The many benefactors of the age who know how to benefit mankind by making life easier and easier. Some by railways, others by omnibuses and steamboats, others by the telegraph, others quite easily apprehended compendiums and short recitals of everything worth knowing. Finally, the true benefactors of the age make spiritual existence in virtue of thought easier and easier yet more and more significant.
And what are you doing? Here my soliloquy was interrupted for my cigar was smoked out and a new one had to be lit. So I smoked again, and then suddenly this thought flashed through my mind. You must do something, but inasmuch as with your limited capacities will be impossible to make anything easier than it has become, you must, with the same humanitarian enthusiasm as the others, undertake to make something harder.
This notion pleased me immensely and at the same time, it flattered me to think that I, like the rest of them, would be loved and esteemed by the whole community. For when all combine in every way to make everything easier, there remains only one possible danger. Namely, that the ease become so great, that it becomes altogether too great.
Then there is only one want left, though it is not yet felt want. When people will want difficulty. Out of love for mankind and out of despair at my embarrassing situation, seeing that I had accomplished nothing, and was unable to make anything easier than it had already been made, and moved by a genuine interest in those who make everything easy, I conceived it as my task to create difficulties, everywhere.
Now, one of the things you might ask yourself is, sometimes you come to University and people talk about happiness. For example, they talk about positive psychology. I am not a fan of positive psychology, by the way. Because happiness is basically extraversion minus neuroticism and we knew that 15 years ago. So we didn't need to make a lot of noise about it.
So anyways, one of the things you might ask yourself is, well, why did you come to University? Did you actually come to University to make yourself happier? Well, let's think about that for a minute. Here's one thing to think about? We know that if you put animals in a relatively boring situation, like rats, in a boring situation and you give them free access to cocaine, they'll just take cocaine until they are dead basically.

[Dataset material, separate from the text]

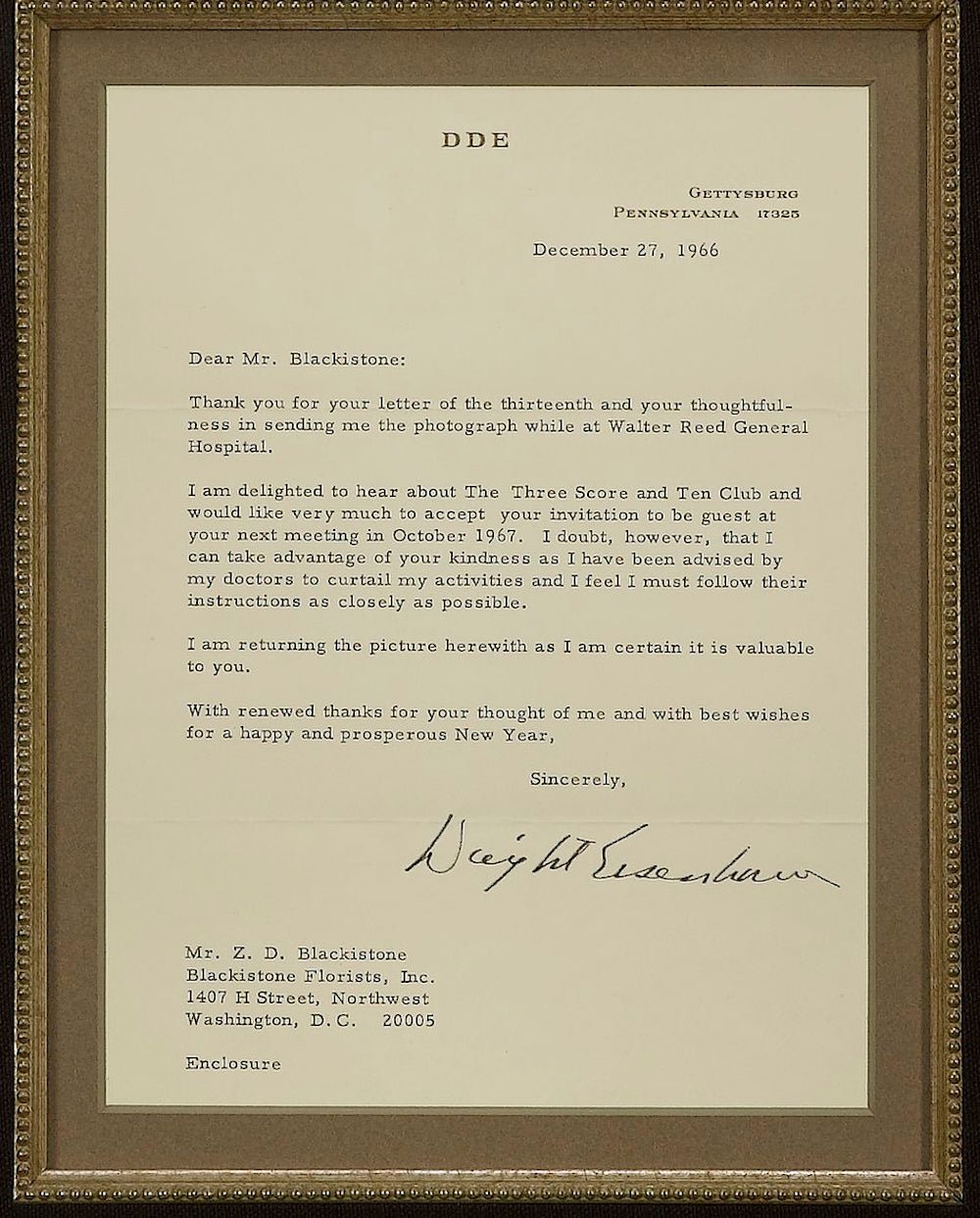 Dwight D. Eisenhower Original Photograph and Autographed Letter, 1966 - The Great Republic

Now rats in a normal environment won't do that, but bored rats that are sort of isolated, cocaine is really an excellent thing, as far as they are concerned. They'll ignore sex, they'll ignore food. I think they'll still drink water, if I remember correctly. But it is cocaine all the way. And if you could inject an electrode into their minds, their brains, which people have done, you can inject the electrode down into the hypothalamus, into the part that is associated with the reward centres.
It is the source of the dopaminergic tract and you can set them up so that if the rat pushes a button, they get a jolt of happiness, basically, and the rat will sit there and push that happiness button in a rather frantic way, as if it is looking for something else, in some sense. But it will certainly do it because it is a peculiar kind of reward.

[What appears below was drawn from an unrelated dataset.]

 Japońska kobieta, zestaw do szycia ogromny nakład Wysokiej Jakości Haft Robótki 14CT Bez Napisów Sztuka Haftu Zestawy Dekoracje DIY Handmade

Now the question might be, would you allow yourself to be wired up like that? Now you might think there might be some times in your life where you think that might just be a perfectly fine idea, but most of you, I suppose, I presume, wouldn't do that for a second, for the same reasons, perhaps, that you do not avail yourself of unlimited access to cocaine.

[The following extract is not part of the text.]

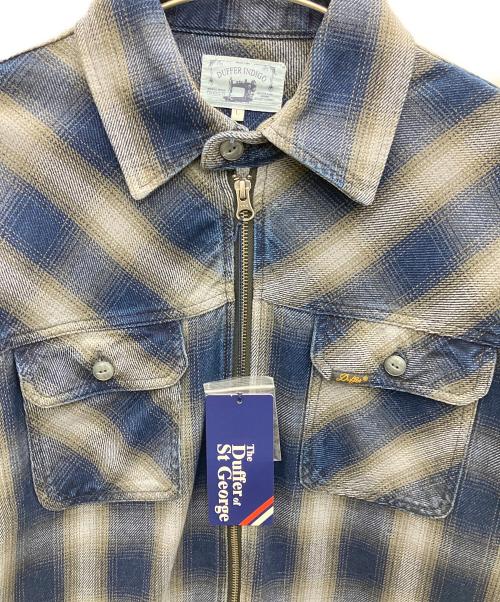 The Duffer of ST.George（ザ ダファーオブセントジョージ）The DUFFER of ST.GEORGE (ザ ダファーオブセントジョージ) オンブレ―チェックシャツブルゾン ネイビー×グレー サイズ:SIZEL 未使用品の古着・服飾アイテム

Which is a stimulant that is very good at producing positive emotion. It is a powerful psychomotor stimulant and so it affects the parts of your brain that are active when you are doing something that you think is worthwhile and productive. So why not just do that all the time? That is the question that Aldous Huxley asked in "Brave New World."
You've got everything you want, take a drug to keep you calm and happy, poof; perfect. Well, is that what you want? And if the answer is no, then you might ask yourself, what the hell do you want? You know, one of the things I thought a lot about lately is, lately being 10 years, I suppose, there are these statues that I've seen.
I've looked at pictures of them online. There are statues of Atlas, and you know Atlas, he's this God who has the world on his shoulders. And that is his destiny or his curse, to have the world on his shoulders. And he might say, well, you know, poor Atlas. Maybe he should just put the damn world down and you know, go out for a beer or something.
But then you might also think, well what is that figure trying to, what is that that idea trying to indicate because it's an old idea. It is a profound idea. There's something divine about a figure with the world on its shoulders. Well, I might say that's the reason you are in University whether you know it or not.
You are here to take the world on your shoulders because that is a sufficiently profound and worthwhile exercise, so that all the suffering that you are going to have, might be regarded as worthwhile. Because the value of what you are doing is so high, because that is something you might ask, is there something that you could do, whose value is so high, that the fact, for the existentialists, it's a fact, that you're mortal and vulnerable and prone to suffering, inescapably, that you would find that not only acceptable, but desirable.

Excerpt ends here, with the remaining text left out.